* EXERCISE AIM:
Please make an exact transcription of the records, keeping the pictures out of it.

Segment Open

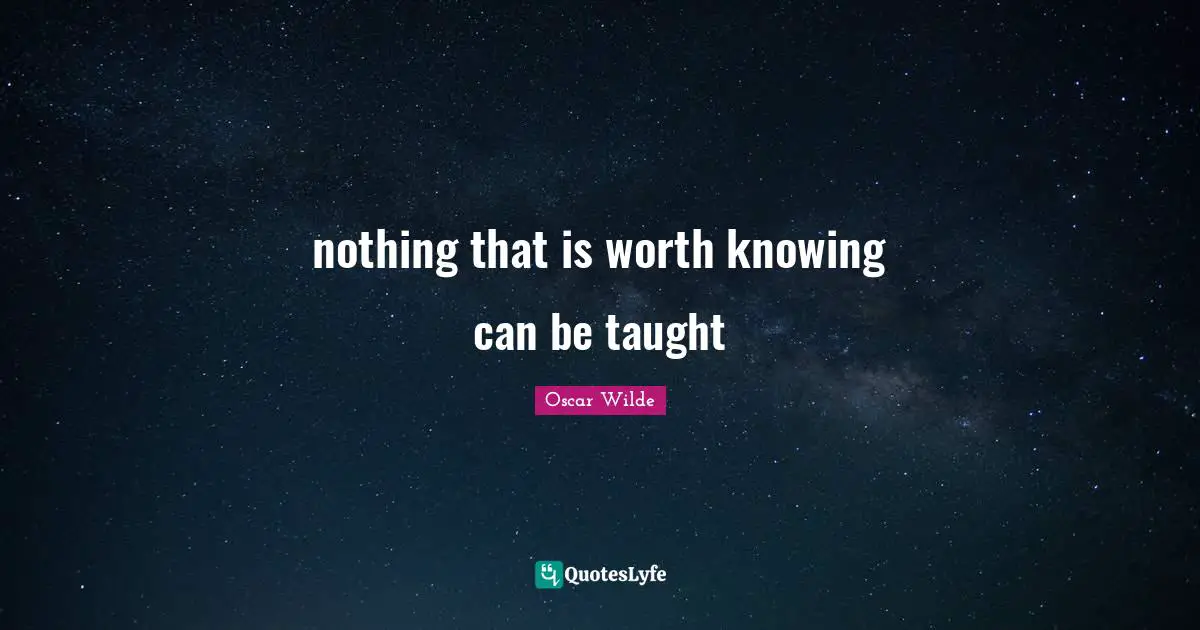 nothing that is worth knowing can be taught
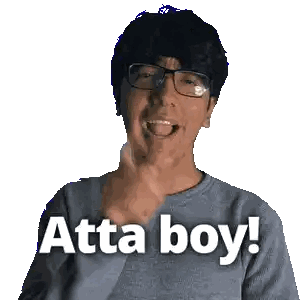 Man Saying Atta Boy Sticker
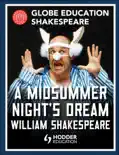 Globe Education Shakespeare: A Midsummer Night's Dream book summary, reviews and download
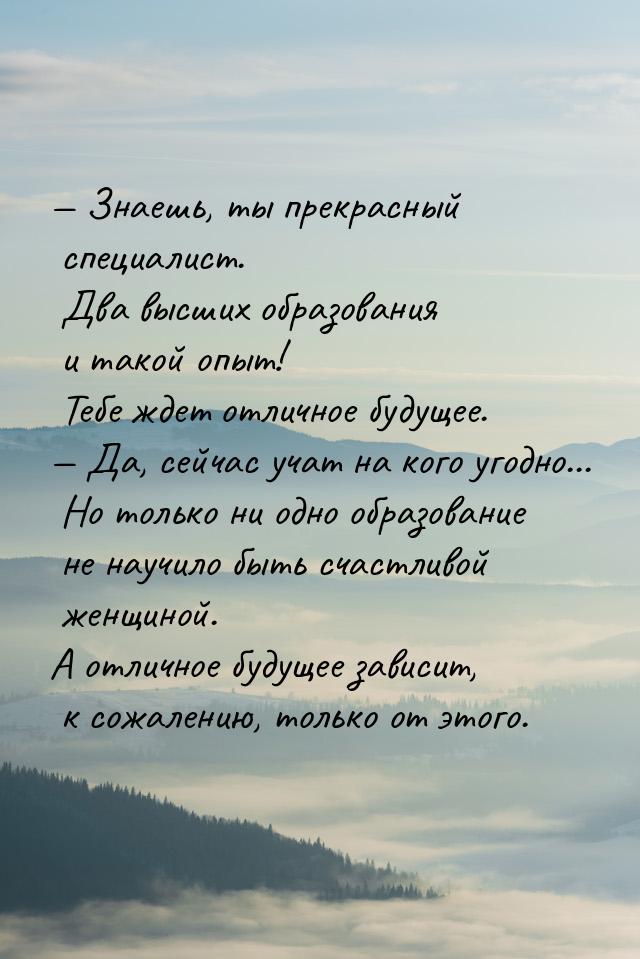  Знаешь, ты прекрасный специалист. Два высших образования и такой опыт! Тебе ждет о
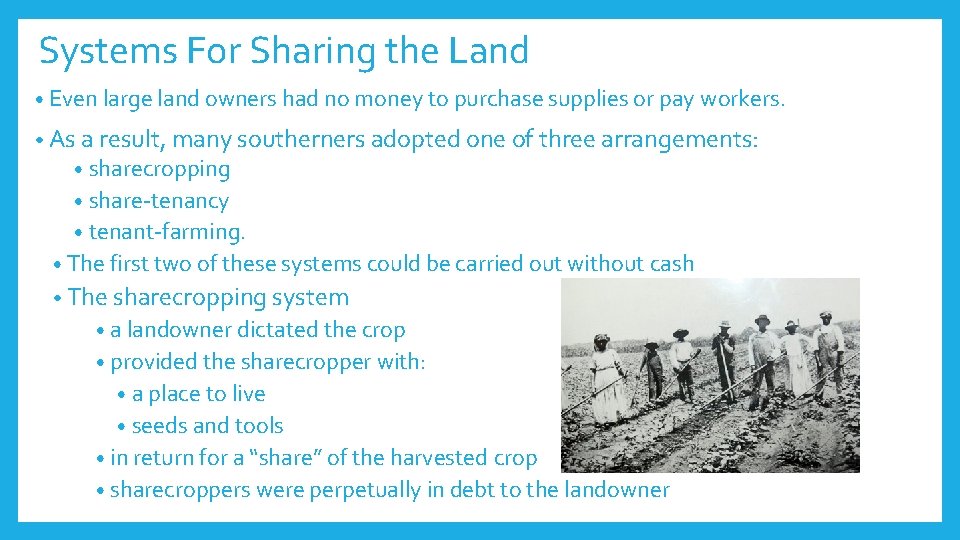 Systems For Sharing the Land • Even large land owners had no money to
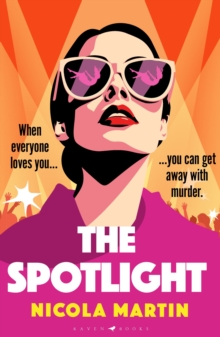 The Spotlight : a twisty, gripping summer read - how far would you go to get everything you've ever wanted?
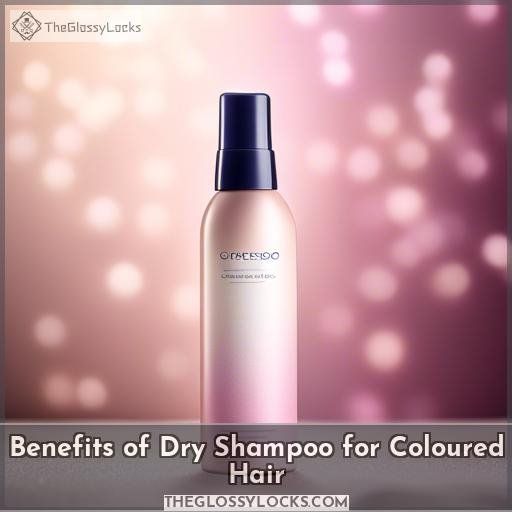 Benefits of Dry Shampoo for Coloured Hair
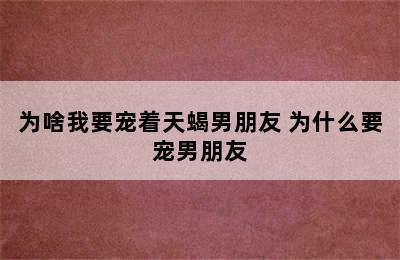 为啥我要宠着天蝎男朋友 为什么要宠男朋友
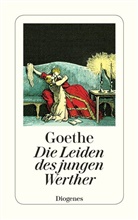 Johann Wofgang von Goethe, Johann Wolfgang Von Goethe - Die Leiden des jungen Werther
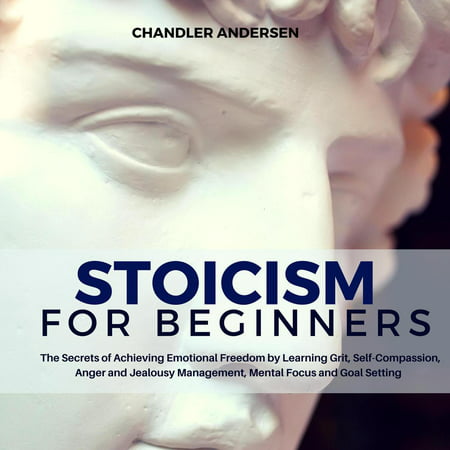 Stoicism: Stoicism for Beginners - the Secrets of Achieving Emotional Freedom by Learning Grit, Self-Compassion, Anger and Jealousy Management, Mental Focus and Goal Setting - (Best Mental Ray Render Settings)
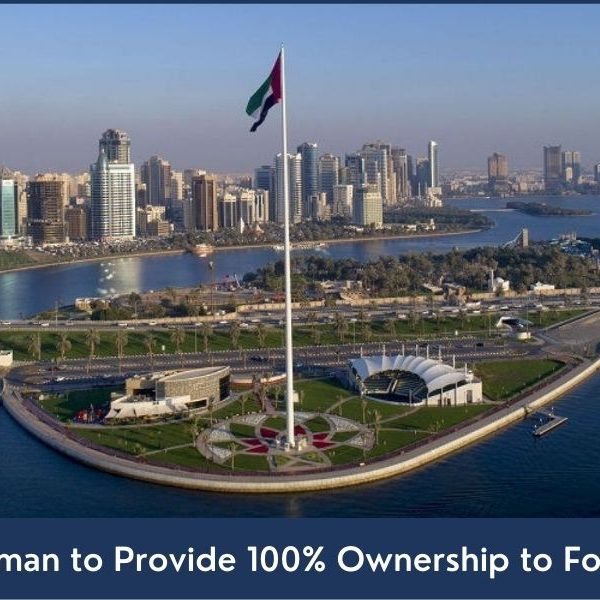 100% Foreign Ownership in Sharjah and Ajman 100 Percent Foreign Ownership in Sharjah and Ajman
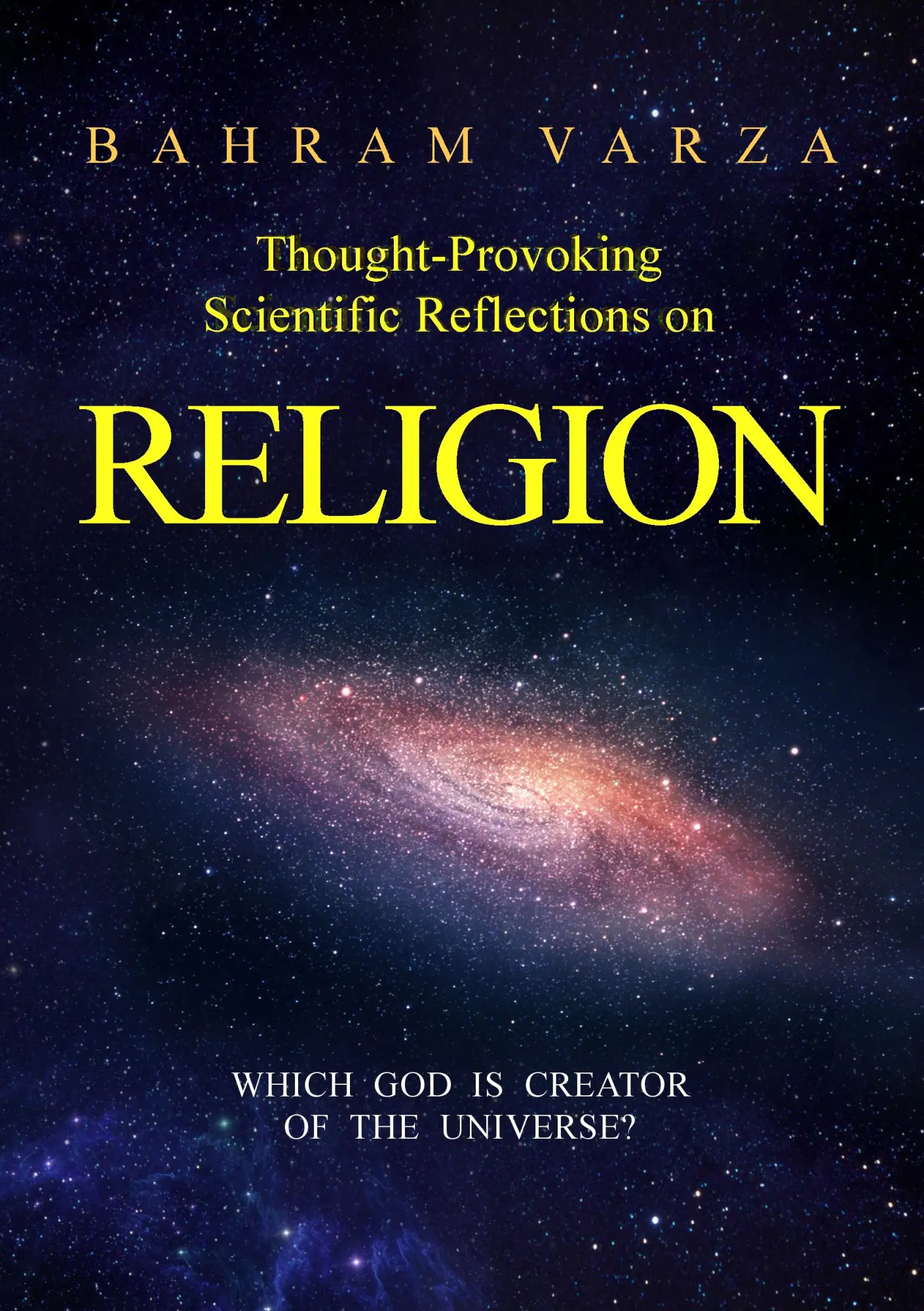 Cover: 9783741231780 | Thought-provoking Scientific Reflections on Religion | Bahram Varza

Segment Closed

* OUTPUT:
 nothing that is worth knowing can be taught
 Man Saying Atta Boy Sticker
 Globe Education Shakespeare: A Midsummer Night's Dream book summary, reviews and download
  Знаешь, ты прекрасный специалист. Два высших образования и такой опыт! Тебе ждет о
 Systems For Sharing the Land • Even large land owners had no money to
 The Spotlight : a twisty, gripping summer read - how far would you go to get everything you've ever wanted?
 Benefits of Dry Shampoo for Coloured Hair
 为啥我要宠着天蝎男朋友 为什么要宠男朋友
 Johann Wofgang von Goethe, Johann Wolfgang Von Goethe - Die Leiden des jungen Werther
 Stoicism: Stoicism for Beginners - the Secrets of Achieving Emotional Freedom by Learning Grit, Self-Compassion, Anger and Jealousy Management, Mental Focus and Goal Setting - (Best Mental Ray Render Settings)
 100% Foreign Ownership in Sharjah and Ajman 100 Percent Foreign Ownership in Sharjah and Ajman
 Cover: 9783741231780 | Thought-provoking Scientific Reflections on Religion | Bahram Varza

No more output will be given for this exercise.